- _TASK OBJECTIVE_
The records that follow must be repeated exactly as they stand.

Stored items
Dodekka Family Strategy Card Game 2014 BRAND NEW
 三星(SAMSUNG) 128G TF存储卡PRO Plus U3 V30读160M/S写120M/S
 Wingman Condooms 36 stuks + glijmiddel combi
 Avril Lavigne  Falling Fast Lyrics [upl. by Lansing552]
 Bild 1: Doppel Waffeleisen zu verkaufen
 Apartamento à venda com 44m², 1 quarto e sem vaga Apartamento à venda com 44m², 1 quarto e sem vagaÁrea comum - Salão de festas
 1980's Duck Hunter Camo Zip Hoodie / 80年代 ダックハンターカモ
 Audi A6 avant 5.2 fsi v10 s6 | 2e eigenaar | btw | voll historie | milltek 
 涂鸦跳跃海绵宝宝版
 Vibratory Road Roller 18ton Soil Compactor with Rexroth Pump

- _OUTPUT_
Dodekka Family Strategy Card Game 2014 BRAND NEW
 三星(SAMSUNG) 128G TF存储卡PRO Plus U3 V30读160M/S写120M/S
 Wingman Condooms 36 stuks + glijmiddel combi
 Avril Lavigne  Falling Fast Lyrics [upl. by Lansing552]
 Bild 1: Doppel Waffeleisen zu verkaufen
 Apartamento à venda com 44m², 1 quarto e sem vaga Apartamento à venda com 44m², 1 quarto e sem vagaÁrea comum - Salão de festas
 1980's Duck Hunter Camo Zip Hoodie / 80年代 ダックハンターカモ
 Audi A6 avant 5.2 fsi v10 s6 | 2e eigenaar | btw | voll historie | milltek 
 涂鸦跳跃海绵宝宝版
 Vibratory Road Roller 18ton Soil Compactor with Rexroth Pump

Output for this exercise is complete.